The DSLR cameras of Canon are vulnerable to a remote attacks through the image transfer protocol that they use, as detailed in a summary the security brand Check Point Software. It is not discarded that the problem affects other brand of digital reflex as well.
The transfer protocol of standarized images (PTP) is not authenticated and can be used with wi.fi and USB and for that is an ideal method to bring malware, specially Ransomware, a true outbreak for the worldwide cybersecurity.
In a video, investigators from Check Point show how to exploit this vulnerability on a Canon E0S 80D through a nearby wi-fi network and to cypher the images of the SD card not allowing the user or the profesional to access them until they pay an economic amount as a “rescue”. A big problem because these DSLR are usually used in professional groups. And or you pay or u lsoe them if you don’t have security backups.
Check Point says that they revealed the vulnerability to Canon in March and both began to work on May to develop a patch. Last week, Canon emited a security report recommended to their users that avoid the use of non secure Wi-Fi networks, that the switch off the net conectivity when they are not using it and that they update and install the latest security patches that solve the problem in some models.
And not only Canon. “Due the complexity of the PTP protocol, we believe that other suppliers can also be vulnerables, although, it will depend of their respective implementation”, warned the investigators
Ransomware: a threat
Ransomware is the main threat of malware in the major part of the member states of the European Union, as written in the security report of Europol in 2018. The attacks under this cyber attack method are more numerous, sophisticated, dangerous and massive, like we saw with WanaCryptor, a well planified and structurated attack with the objective of achieving a massive infection on a global level, trapping a big number of the big companies of dozens of countries.

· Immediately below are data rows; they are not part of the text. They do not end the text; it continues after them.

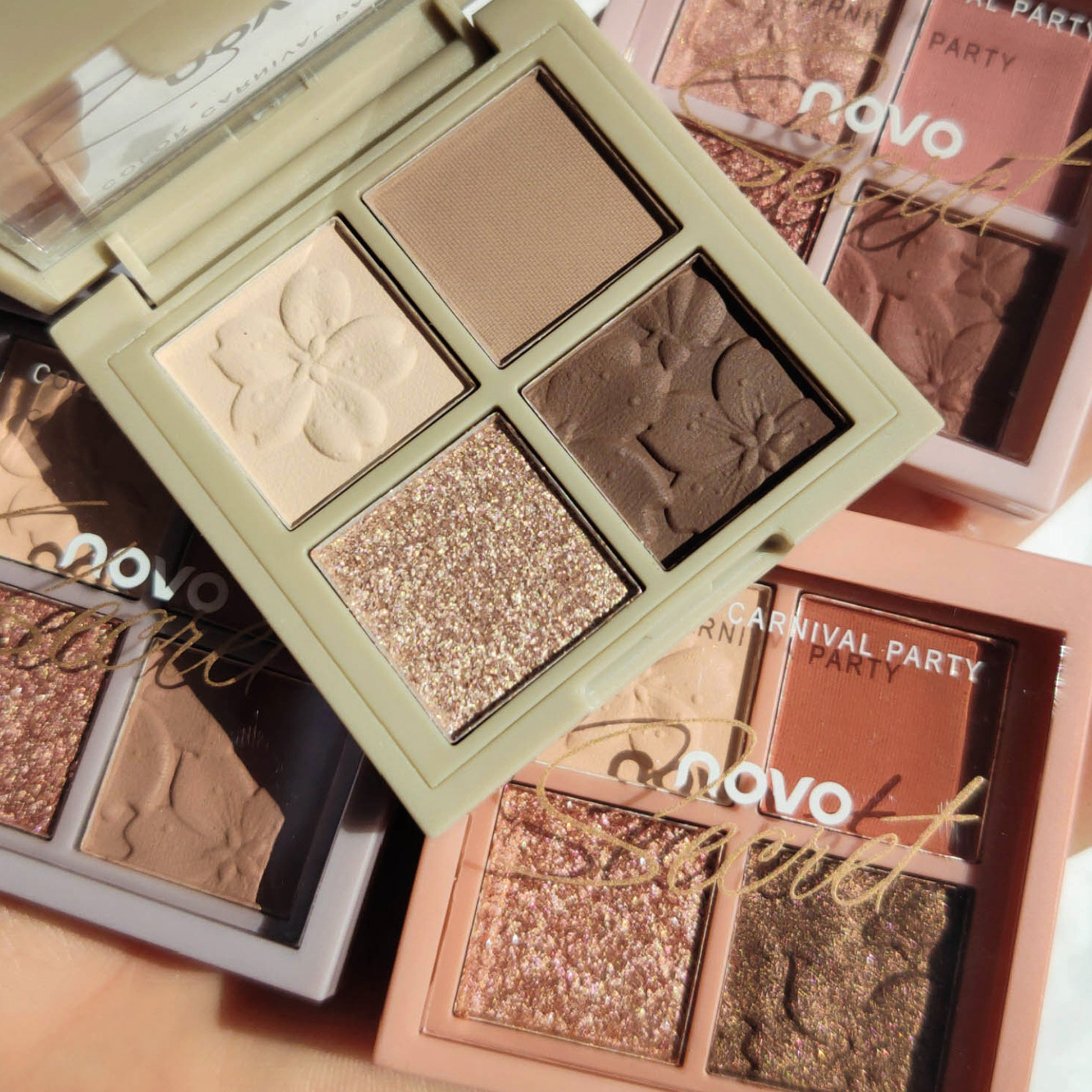 NOVO four-color earth color eye shadow plate ins Super Fire Eye Shadow flash powder Pearl waterproof parity student small plate portable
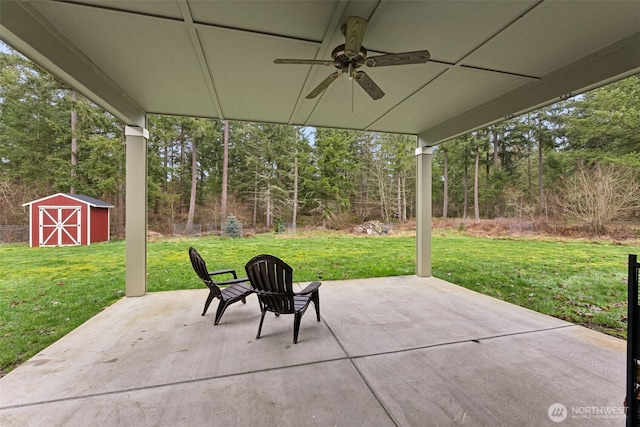 view of patio / terrace featuring a storage shed, a ceiling fan, and an outbuilding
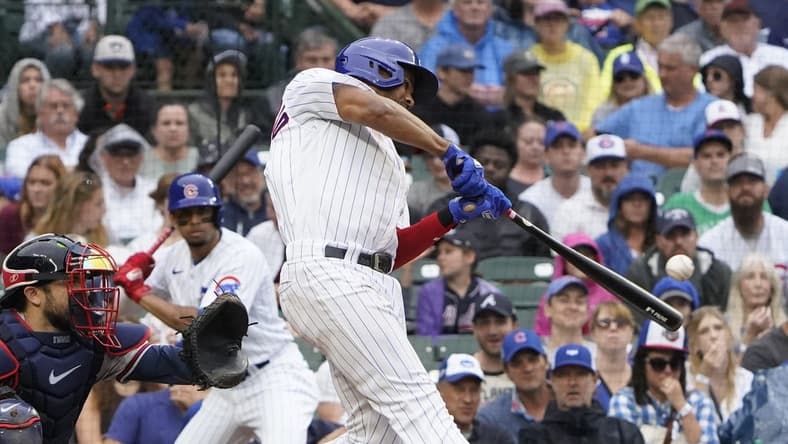 Aug 6, 2023; Chicago, Illinois, USA; Chicago Cubs first baseman Jeimer Candelario (9) hits a one run single against the Atlanta Braves during the fifth inning at Wrigley Field. Mandatory Credit: David Banks-USA TODAY Sports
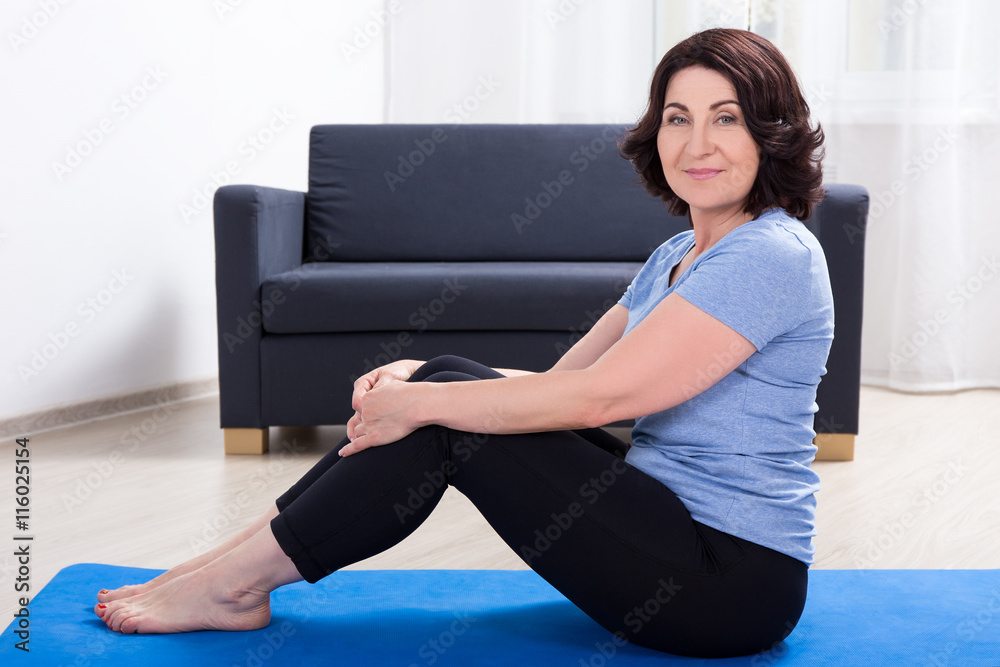 slim sporty mature woman doing exercises on yoga mat at home Stock Photo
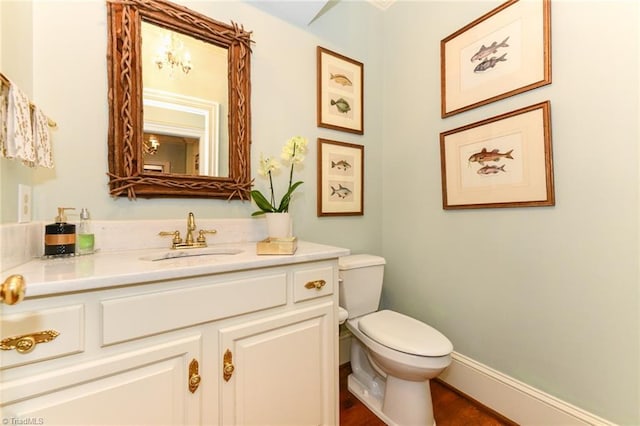 half bathroom featuring baseboards, toilet, wood finished floors, and vanity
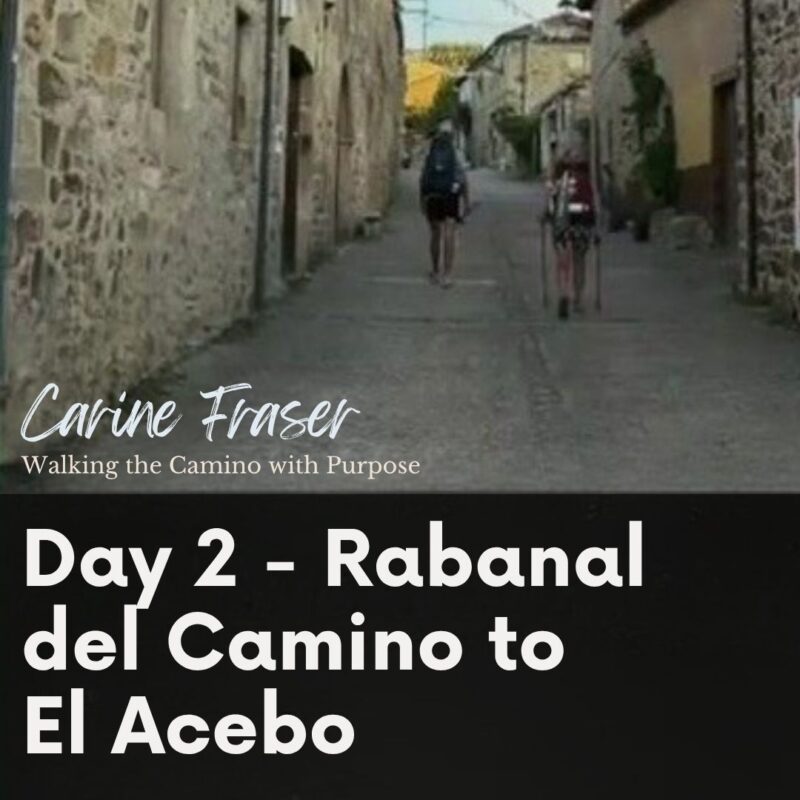 Two pilgrims with backpacks walking away from the camera along a narrow stone-paved street in El Acebo, flanked by traditional stone buildings. Text overlay reads "Carine Fraser – Walking the Camino with Purpose" and "Day 2 – Rabanal del Camino to El Acebo."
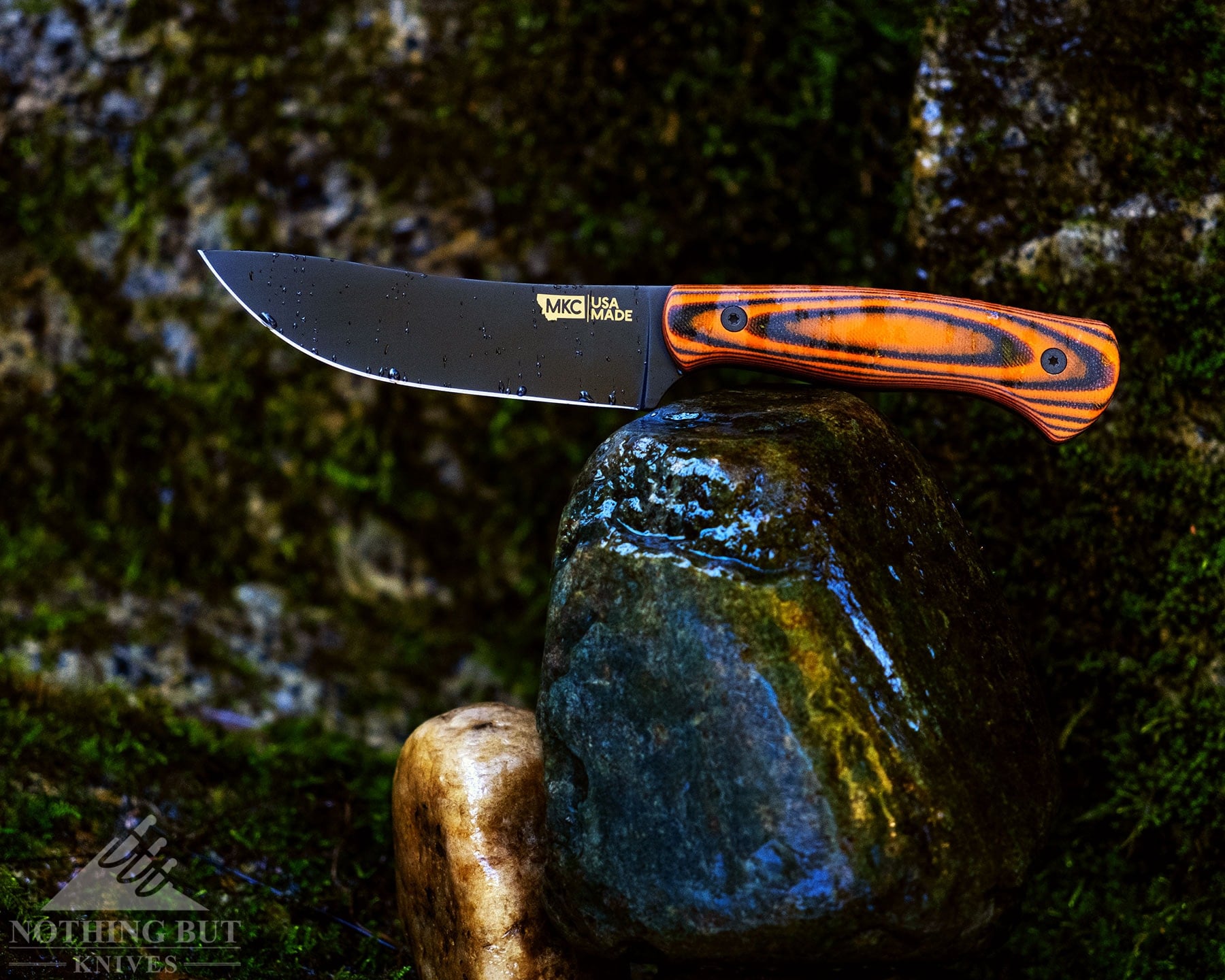 The Montana Knife Company Stonewall Skinner on top of a wet rock in front of a moss-covered granite wall. 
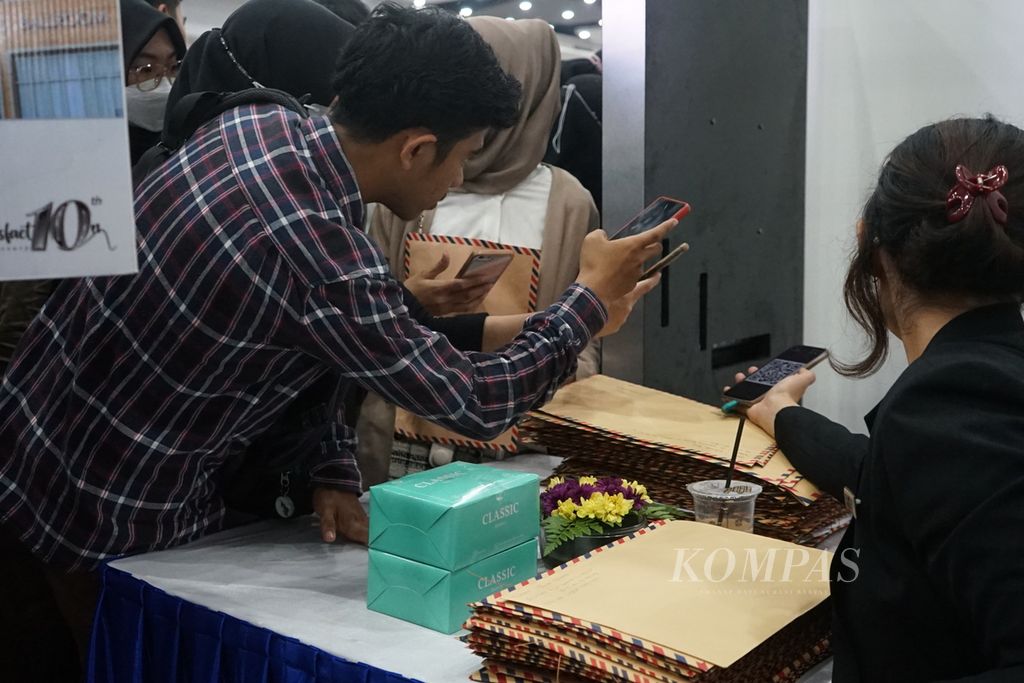 Sejumlah pelamar kerja sedang memindai kode batang di salah satu perusahaan perhotelan yang membuka lowongan di bursa kerja yang digelar di Palembang, Sumatera Selatan, Rabu (7/6/2023). 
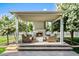 Cozy outdoor fireplace with comfortable seating, perfect for relaxing and enjoying the serene backyard setting at 10344 E Trillium Ave, Mesa, AZ 85212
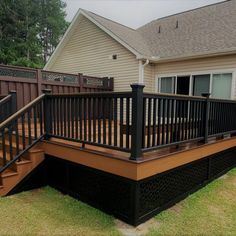 a wooden deck with black railings in front of a house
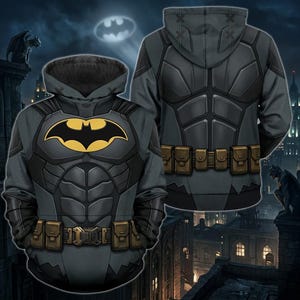 Könnte beinhalten: Ein dunkelgrauer Kapuzenpullover mit einem aufgedruckten Batman-Kostümdesign. Die Vorderseite zeigt ein gelb-schwarzes Fledermaus-Emblem auf der Brust und einen braunen Gürtel an der Taille. Die Rückseite zeigt ein passendes graues Rüstungsmuster.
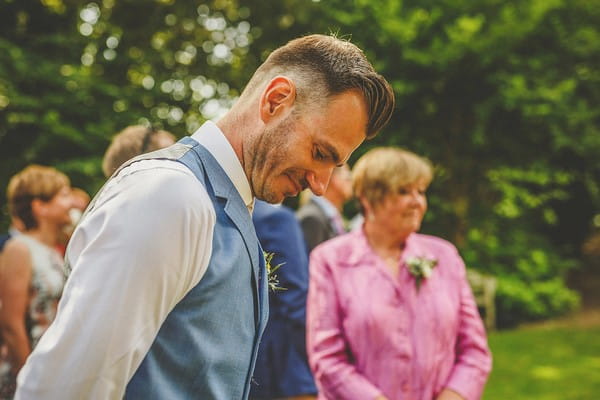 Groom looking down as he waits for bride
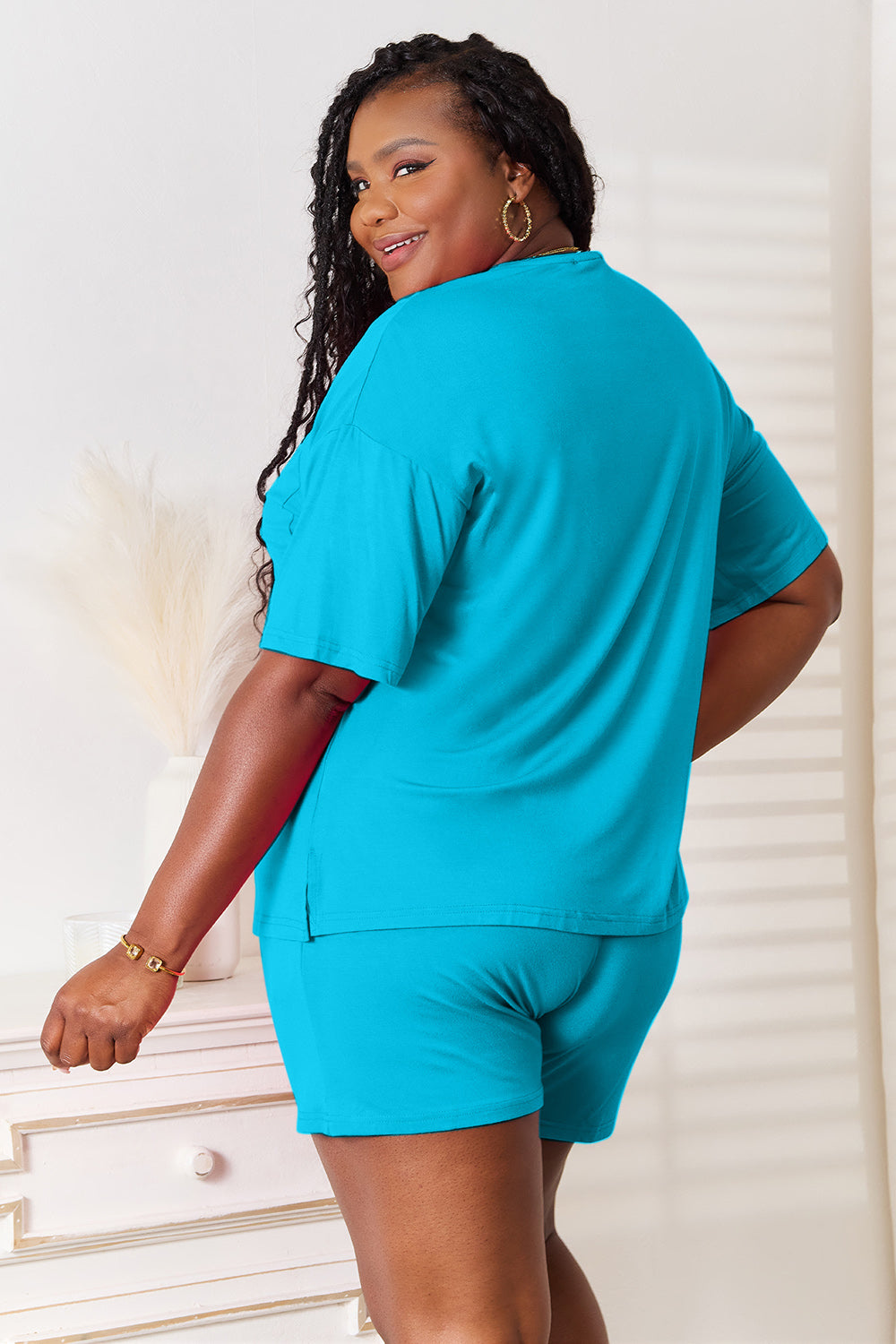 A woman is standing in a brightly lit room, wearing the Basic Bae Full Size Soft Rayon Half Sleeve Top and Shorts Set in a relaxed, stretchy turquoise fabric. She has one hand placed in her pocket and is smiling while looking slightly to the side.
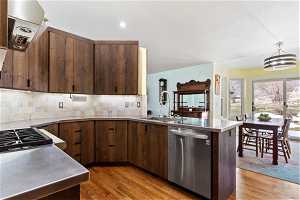 Kitchen featuring light hardwood / wood-style floors, backsplash, dishwasher, pendant lighting, and sink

As we see in the DSLR of Canon, it is becoming more frequent and more dangerous as the focus of the attackers now are moving further of the Pcs to the smartphones or tablets, digital assistants and in general, any kind of device connected to the network.
According to the last report of Malwarebytes, the Ransomware grew a 200% in the business sector the first trimester in 2019. Although, depending of the type of the Ransomware and the grade of the cypher used, it exists some public tools to decypher them, in the major part of the times for the clients, there’s no other solution than format the computer/device with the following waste of time and the data and archives if we dont have backups.